A perícia oficial do Instituto de Criminalística, utilizando análise técnica de fonética e acústica, não conseguiu confirmar a presença do termo ofensivo no áudio. A defesa sustentava que a expressão proferida foi "paca véa", não "macaco velho".
Diante da inconclusividade da perícia oficial, os investigadores da Polícia Civil de São Paulo tomaram uma decisão inédita: submeteram o vídeo às ferramentas de IA generativa Gemini (Google) e Perplexity. Os relatórios gerados por essas ferramentas concluíram que a expressão ofensiva havia sido proferida, e esse material foi a principal base para o oferecimento da denúncia pelo Ministério Público de São Paulo em agosto de 2025.
Fontes: Agência Brasil - STJ rejeita uso de inteligência artificial como prova em ação penal | Conjur - Laudo feito por IA generativa não pode embasar denúncia, diz STJ
Os três pilares da decisão do ministro Reynaldo Soares da Fonseca
1. A natureza probabilística da IA generativa.
O ministro foi direto ao identificar o problema central: ferramentas de IA generativa operam com base em probabilidades e padrões estatísticos, não em análise técnica verificável. Em suas palavras, "um dos riscos inerentes à utilização da inteligência artificial generativa é a alucinação, que consiste na apresentação de informações imprecisas, irreais ou fabricadas, porém com aparência de fidedignidade".

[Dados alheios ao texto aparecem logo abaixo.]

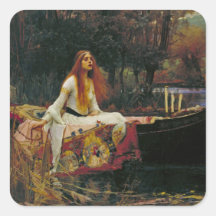 Lady of Shalott with Flowing Hair Square Sticker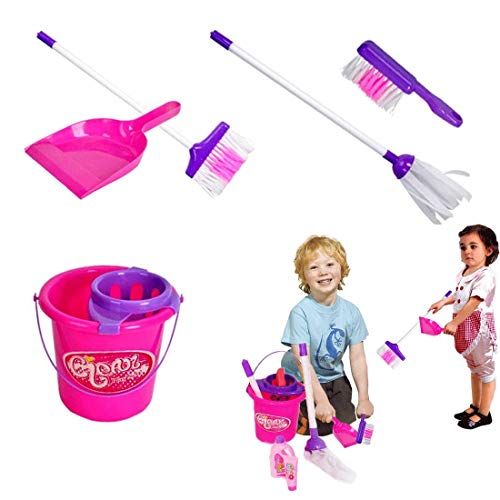 Complete Cleaning Set - Adorable Kids Housekeeping Clean Tool Kit - Pail, Dust-Brush, Broom, Mop, Pan, and Much More! Be Mommy's Little Helper Holidays - Girl Toys...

2. O viés de confirmação institucional.
Talvez o ponto mais contundente da decisão, o ministro criticou o que chamou de "viés de confirmação institucional". Os investigadores já tinham uma tese (de que o insulto ocorreu) e usaram a IA para confirmá-la, descartando a conclusão contrária da perícia oficial. Nas palavras do relator: "a substituição de um juízo técnico por conclusões oriundas de inteligência artificial generativa evidenciam um viés de confirmação institucional".
3. A inadequação técnica das ferramentas.

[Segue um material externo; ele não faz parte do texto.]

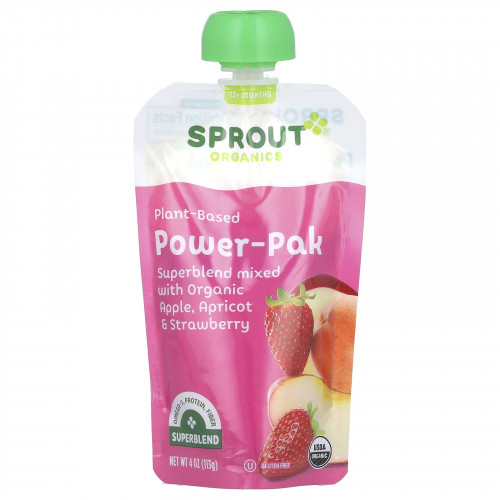 Sprout Organics, Power Pak, от 12 месяцев и старше, яблоко, абрикос и клубника, 113 г (4 унции)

O ministro observou que Gemini e Perplexity são ferramentas que processam texto, não som. Utilizá-las para análise fonética de um áudio é tecnicamente inadequado, o que agrava a fragilidade do relatório.
Consequências práticas
A 5ª Turma determinou a exclusão do relatório de IA dos autos e ordenou que o caso retorne ao Tribunal de Justiça de São Paulo para nova avaliação. Sem o laudo de IA, será preciso determinar se existem outros elementos de prova suficientes para sustentar a denúncia.

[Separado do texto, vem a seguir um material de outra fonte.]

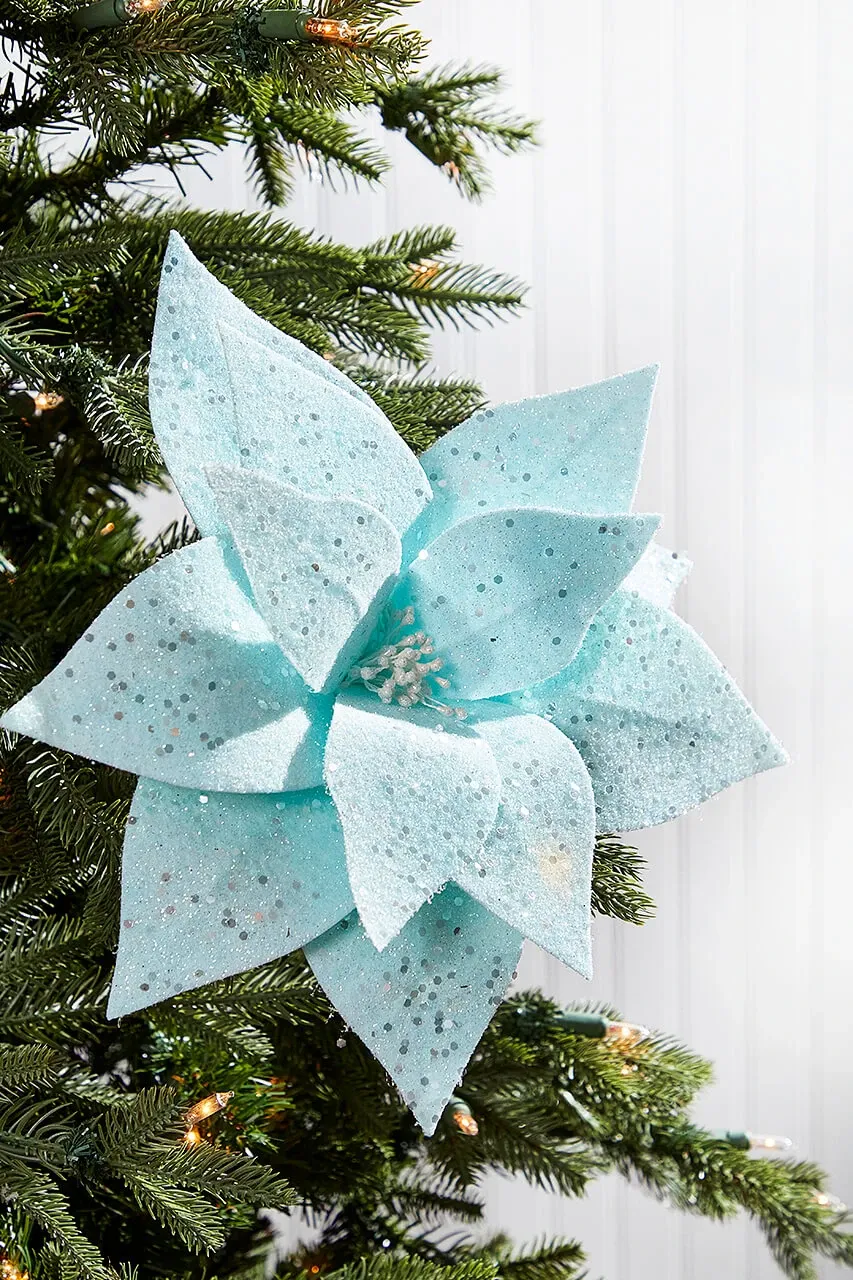 22' Teal with Sparkles Frosted Poinsettia Stem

Fonte: Sindpd - Relatório produzido por IA é descartado como prova pelo STJ
Por que essa decisão importa para advogados que usam IA no dia a dia
Embora o caso trate especificamente de prova pericial no processo penal, o raciocínio do ministro se aplica de forma ampla. Se o STJ considera que a IA generativa apresenta risco inerente de alucinação e que suas conclusões não são confiáveis sem validação humana qualificada, esse entendimento se estende logicamente a qualquer uso profissional da IA no direito, incluindo:
- Citações de jurisprudência geradas por IA em petições
- Referências legislativas produzidas por assistentes jurídicos de IA
- Fundamentação doutrinária sugerida por ferramentas automatizadas
A decisão reforça que o advogado que assina uma peça baseada em informações geradas por IA é integralmente responsável pela veracidade dessas informações. A IA é ferramenta auxiliar; a responsabilidade é do profissional. Como o próprio Jus IA do Jusbrasil reconheceu publicamente, mesmo a melhor IA jurídica do Brasil registra 12% de margem de erro. Nenhuma ferramenta, por mais especializada que seja, elimina a necessidade de supervisão humana.
Ferramentas como o TeseFirme fazem essa verificação automaticamente, cruzando cada citação com 3 modelos de IA independentes para identificar inconsistências antes que cheguem ao juiz. A verificação independente de citações não é mais apenas uma boa prática. Após essa decisão do STJ, ela se torna uma medida de proteção profissional concreta.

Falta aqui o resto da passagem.